Advance praise for The Travelers:
"In
this innovative and deeply moving debut, Regina Porter has mastered the
kind of alchemy found in a great painting by Poussin: her canvas is
vast, her subject ambitious, and yet her execution is so brilliantly
devoted to particulars that it creates a miraculous intimacy. The beauty
of this book lies in how Porter's characters, through resilience and
community, art and creative love, cut new doors out of the corners
they've been backed into by history."
—Garth Greenwell, author of What Belongs to You
"Regina Porter’s
The Travelers
is not only the compelling intergenerational saga of two intertwining
families but also a deadpan and mordant chronicle of 20th century
America’s casual intolerance and racial violence, as well as a series of
portraits of intrepid women, a celebration of family responsibility,
and an impassioned reminder that we most honor those we loved by
continuing to love others."
—Jim Shepard, National Book Award-shortlisted author of Like You’d Understand, Anyway
“
The Travelers
is a great, grand tabernacle of a novel, under the roof of which it
seems the entire history of the United States and all its people has
been gathered into a single blazing congregation. It is full of tales
tall and short, lives black, white, and every shade between, from the
north, the south, east, and west. None but the biggest-hearted,
sharpest-eyed, most generous-spirited of writers could pull off a book
like this. Regina Porter is some kind of visionary.”
—Paul Harding, Pulitzer Prize-winning author of Tinkers
"In
The Travelers,
generations of two families - one black and one white - journey across
time, race, geography and the wounds of history with sweeping breadth
and disarming intimacy. Porter's debut signals the arrival of a fully
formed, singular talent. You've been wanting to read this book for a
long time; it's just that Porter hadn't written it yet."
—Ayana Mathis, author of The Twelve Tribes of Hattie
"
The Travelers is
a thrillingly ambitious, deeply affecting event. Regina Porter has a
great ear and a capacious heart. Her dialogue presses us to the very
souls of her many fabulous and fascinating characters, and her
understanding of human emotion makes one want to linger at every step of
this grand journey.

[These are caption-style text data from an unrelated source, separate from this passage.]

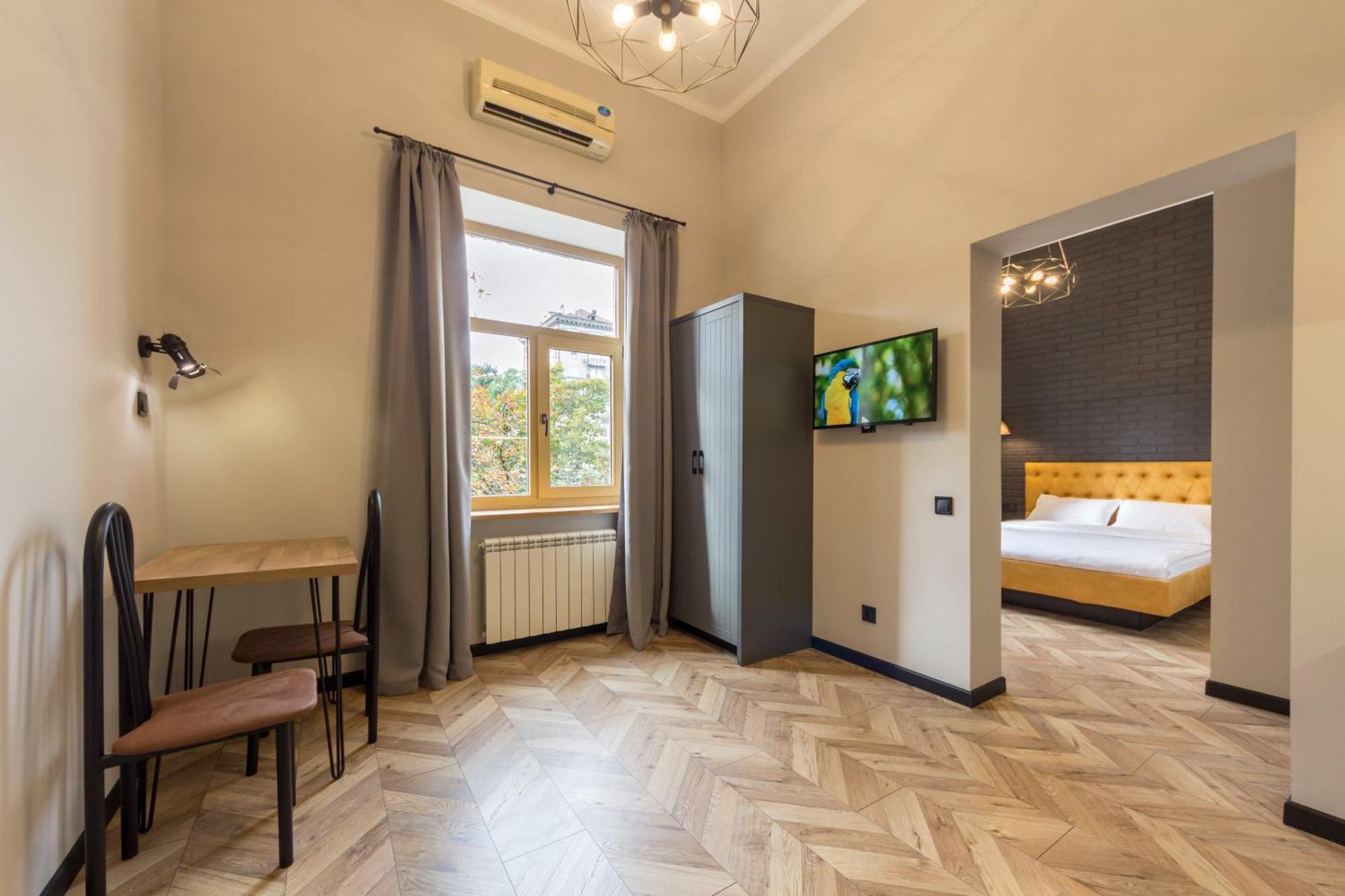 Idea Design Apart-Hotel Prorizna Киев Экстерьер фото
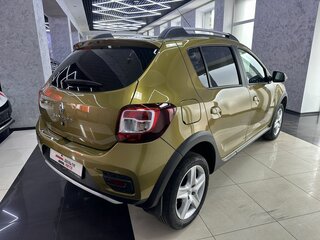 2017 Renault Sandero Stepway II, зелёный, 1195000 рублей, вид 5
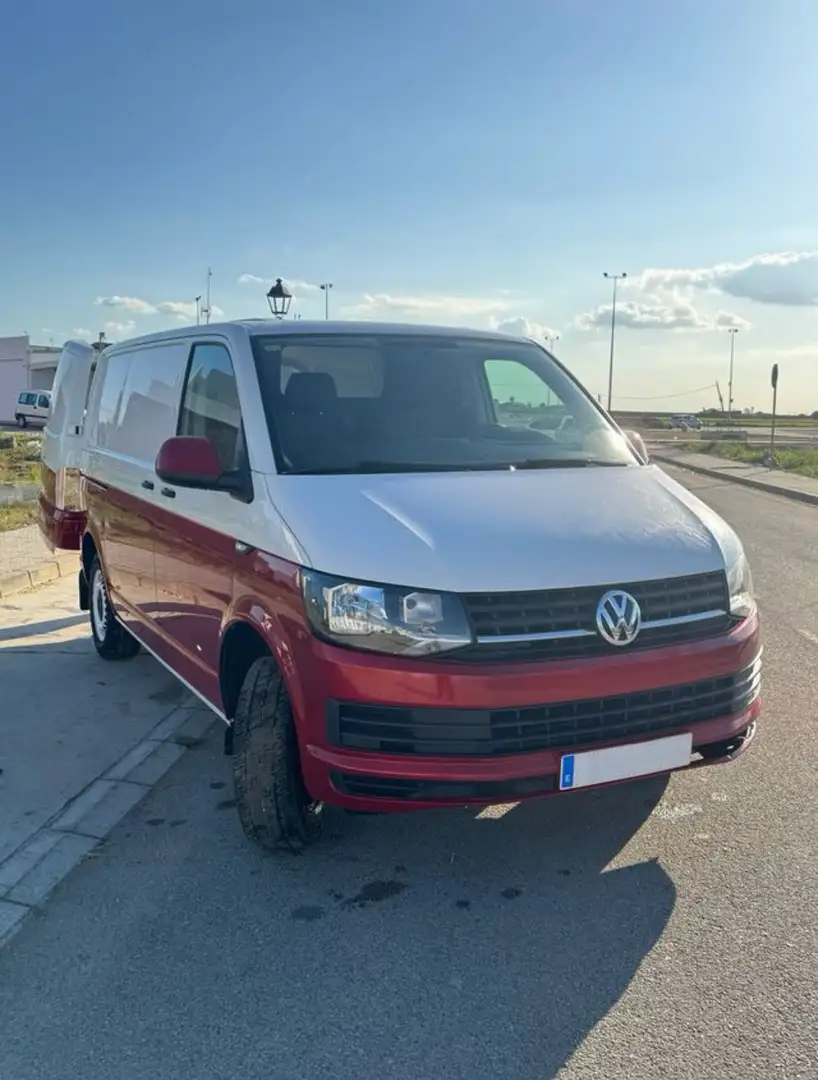 Volkswagen T6 Transporter - 1
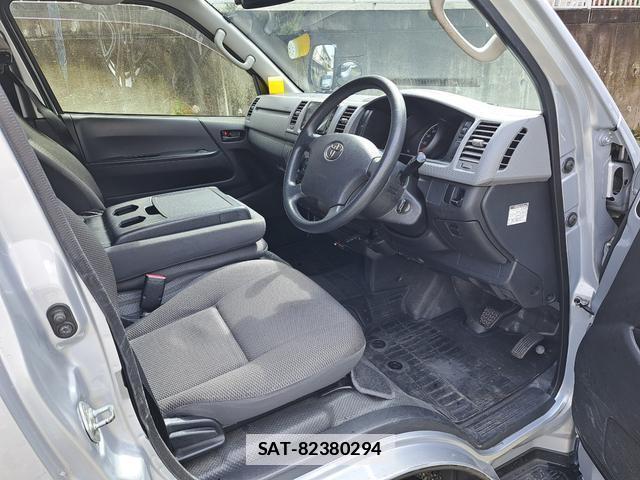 Toyota HIACE VAN 2012-07 7813685-15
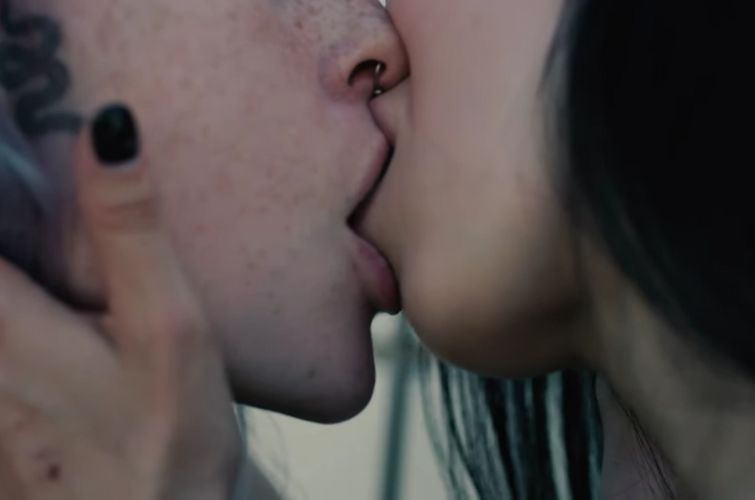 У кліпі в одному з кадрів показали поцілунок двох жінок.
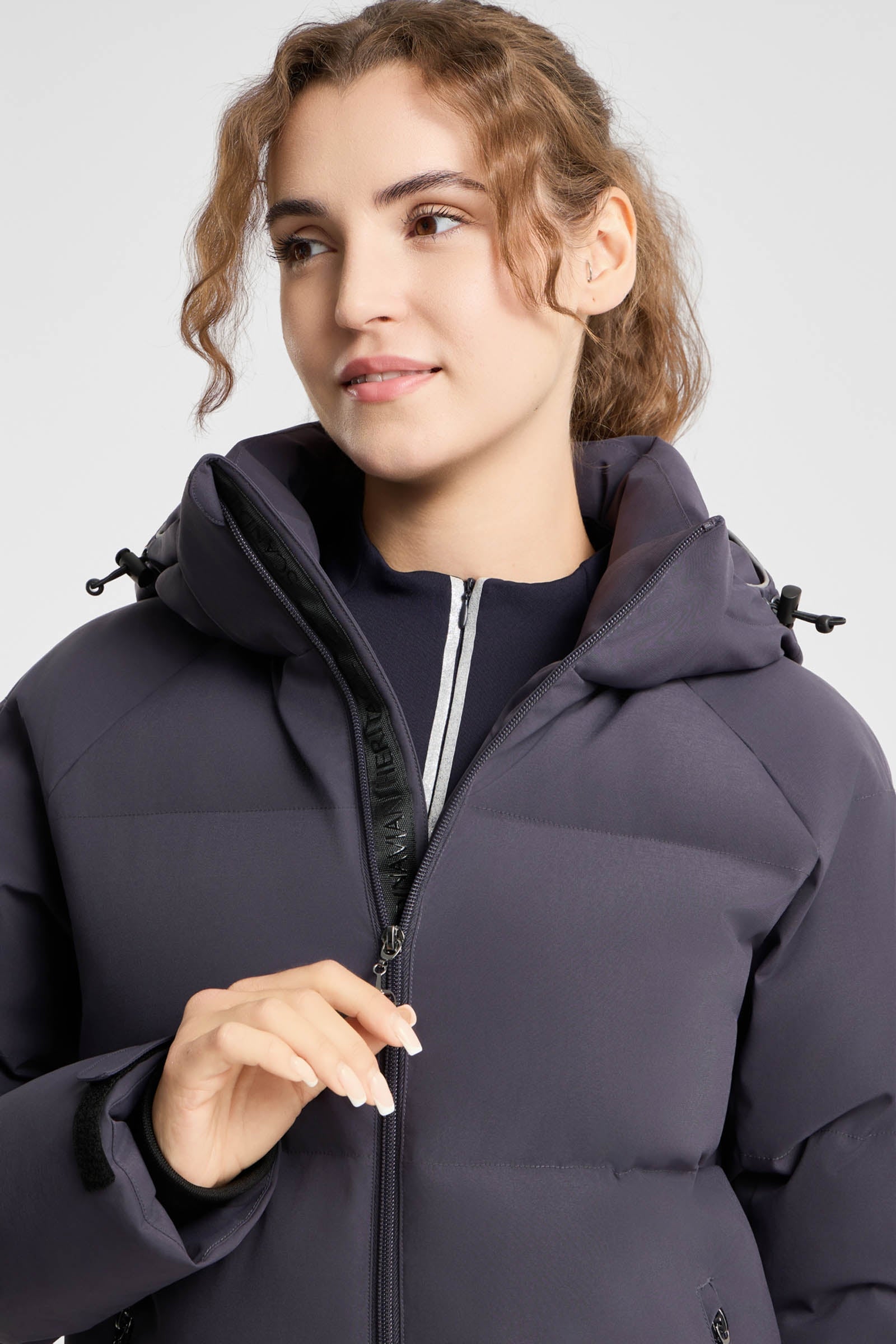 Model shot 4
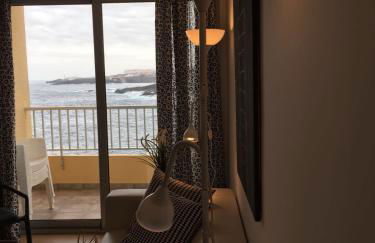 Apartamento en primera línea playa - Foto 6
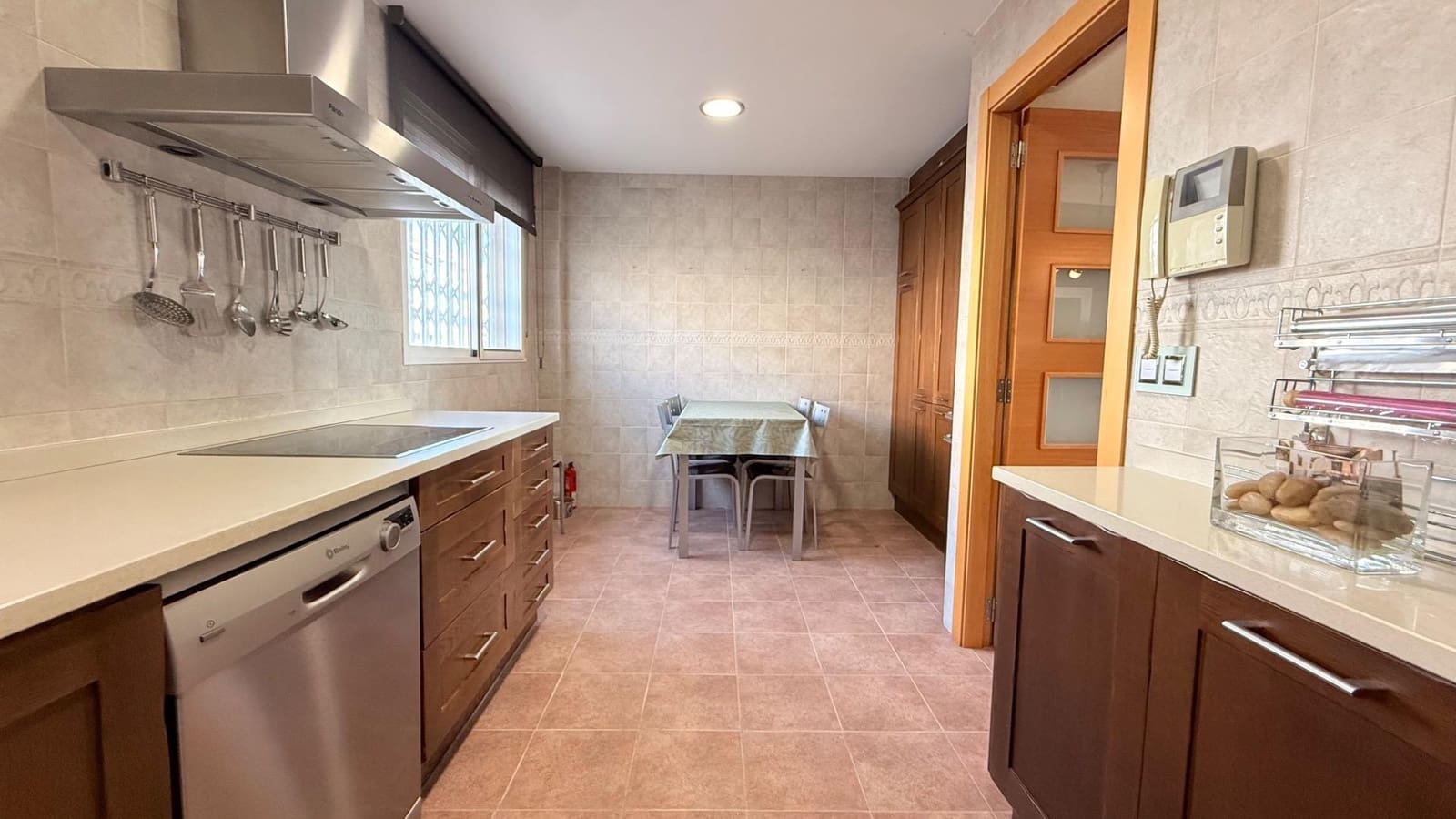 3 slaapkamer Rijtjeshuis te koop in Massamagrell met garage - € 349.900 (Ref: 9452233)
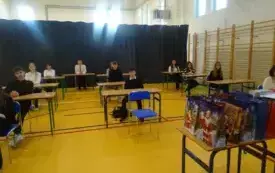 V Gminny Konkurs z Języka Angielskiego dla klas VII - VIII 27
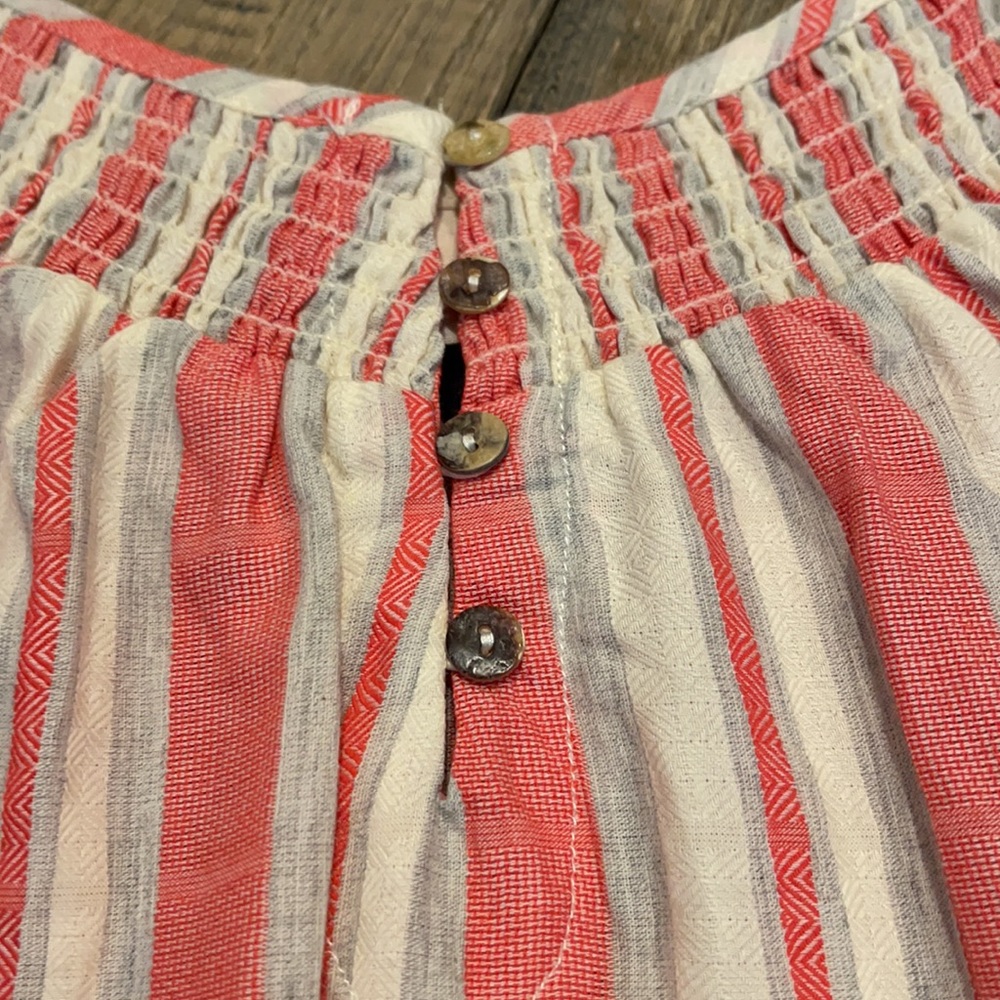 Universal Thread Top - Picture 2 of 4
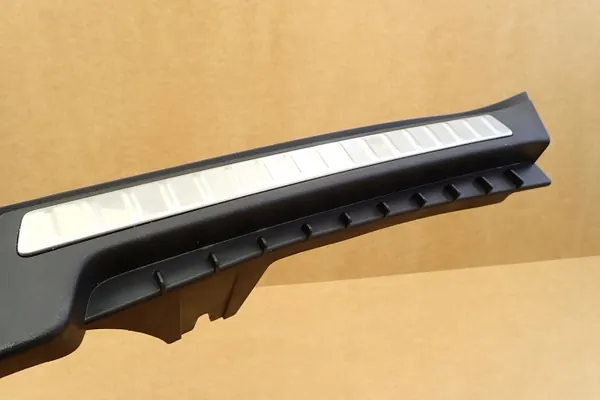 Volvo XC90 II Rückensitzgurtabdeckung OEM 32353428 image 9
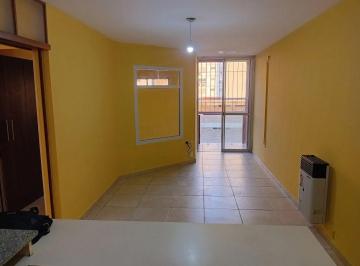 Departamento · 50m² · 4 Ambientes · Departamento - Centro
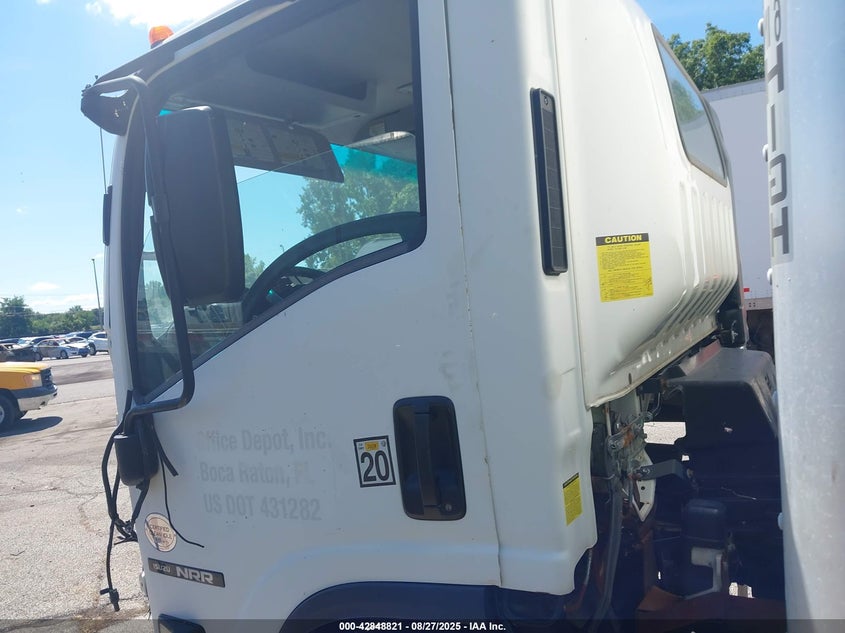 2019 Isuzu Nrr VIN: JALE5W169K7303333 Lot: 42848821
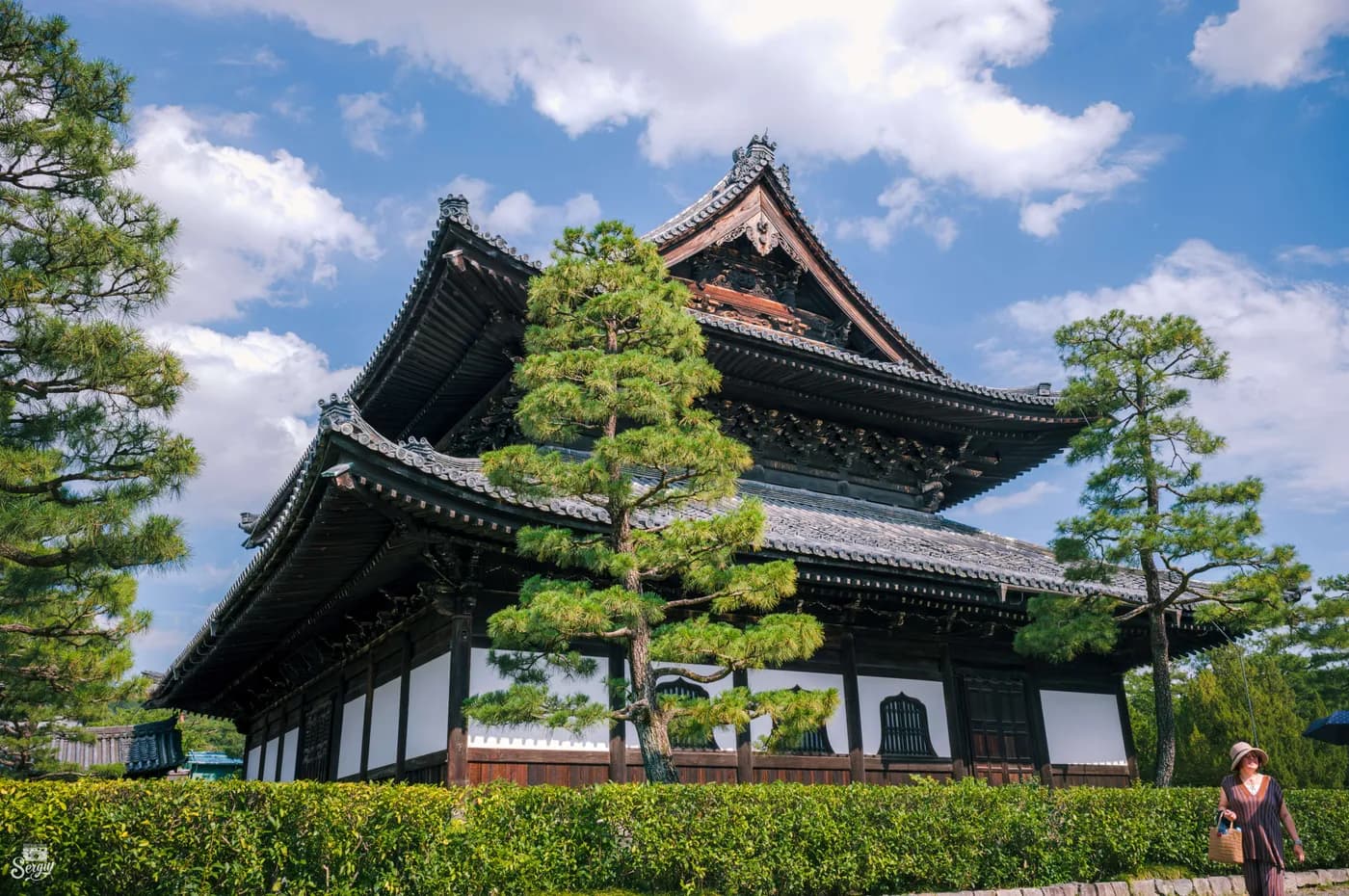 Traditional temple architecture at Kiyomizu-dera in Kyoto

There is so much offered here--race, history, love,
loss, and family, just to name a few--that this debut novel should be
considered nothing less than a supreme act of generosity."
—Jamel Brinkley, National Book Award-shortlisted author of A Lucky Man
Regina Porter
Regina Porter is a graduate of
the Iowa Writers’ Workshop, where she was an Iowa Arts Fellow. She is
the recipient of a 2017-2018 Rae Armour West Postgraduate Scholarship.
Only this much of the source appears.